My largest concern with this manuscript is also the easiest to fix: the original sources of the data shown in figures need to be cited, not just the ICE-D database. The way this database is currently used means that Balco (2020) gets cited instead of the original data sources. For instance, the six sites shown in Fig 16 a–f span four publications, but only two of those publications are cited, and those not in relation to the data. Surely there is a way to easily compile the necessary citations when pulling data from ICE-D.
Because the paper is very long and dense, it would benefit from some significant revision for clarity. For instance, as you’ll see from my specific comments below, I was confused for a long time about the different metrics being described, how they were used, and how they did or did not interact with each other. It became more clear in the Results and Discussion sections, but it made the Methods section very difficult to get through. I suggest adding a more clear and thorough roadmap of that section before getting into the details.
I have also pointed out some places in the detailed comments below where aspects of the methodology seem arbitrary or not well supported by the data, or where such complete automation could be undesirable. Obviously it would be absurd to rely on careful manual curation of an ever-growing dataset forever, but the pitfalls of automation need to be clearly addressed. The manuscript does a fairly good job at this in various places, but I think it would benefit from a dedicated sub-section of the Discussion that goes further into these considerations beyond the comparison in Fig 11.
Specific comments:
In general, locations of sample sites shown in figures need to be marked on a map somewhere. For instance, site KRING in Fig 8 is not shown on any location map.
While automation and the use of uncurated data certainly has obvious benefits, the cosmogenic nuclide record is often ambiguous and frequently relies on expert assessment of individual samples and their geologic context.
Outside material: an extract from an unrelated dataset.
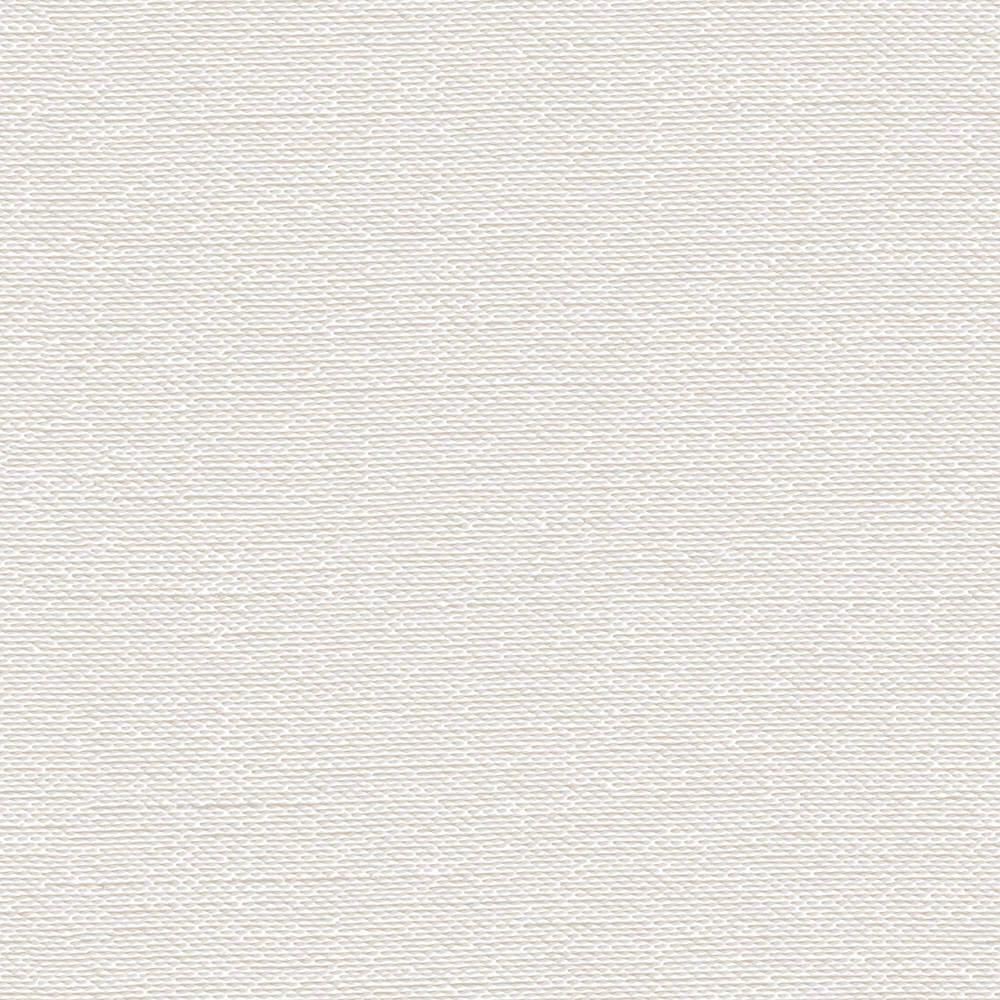 Dutch Wallcoverings Tapestry TP422401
I worry that automating the model-data comparison process will come with a loss of expert judgment. For instance, the exposure-age record at Diamond Hill is quite complex and uses multiple nuclides (Be-10 and C-14) and sample types (erratics and bedrock), but Fig 16a is missing a key in-situ C-14-saturated sample and shows a greatly simplified version of the history that does not agree with the preferred ice history suggested by flow-band modeling (Hillebrand et al., 2021). I’m not insisting that the preferred history must be correct but instead pointing out how much nuance is lost in the automated approach.
L88–100. You could use the modern ice surface elevation at each site as a constraint, rather than a complete spatial map. This is worth considering adding to your analysis, especially given that many of the later figures in the paper show poor fit to present day ice thickness at the end of the model runs and this is essentially a free data point. And if one reason to compare model results with paleo-constraints is to calibrate a model for future projections, getting the modern state right is very important.
L102: Clarify that this ~10–20km resolution only holds for paleo simulations. Plenty of models use much higher resolution than this for shorter-term simulations.
L 163: Is “marine ice shelf instabilities” intentional phrasing?
L 167–170: All of these data sets (with the possible exception of Liu et al., 2009) are pretty seriously outdated at this point. Has any attempt been made to update these? Is there evidence that the model is insensitive to the choice of these datasets?
Section 2.2 needs more information:
What data sets are used to define present day ice thickness and bed topography?
How does the basal friction inversion work?
Is there also an optimized ice stiffness field?
How is the present-day temperature state achieved and what geothermal flux product is used?
What spatial resolution? Has any mesh convergence testing been done?
What sub-shelf melt and calving schemes are used?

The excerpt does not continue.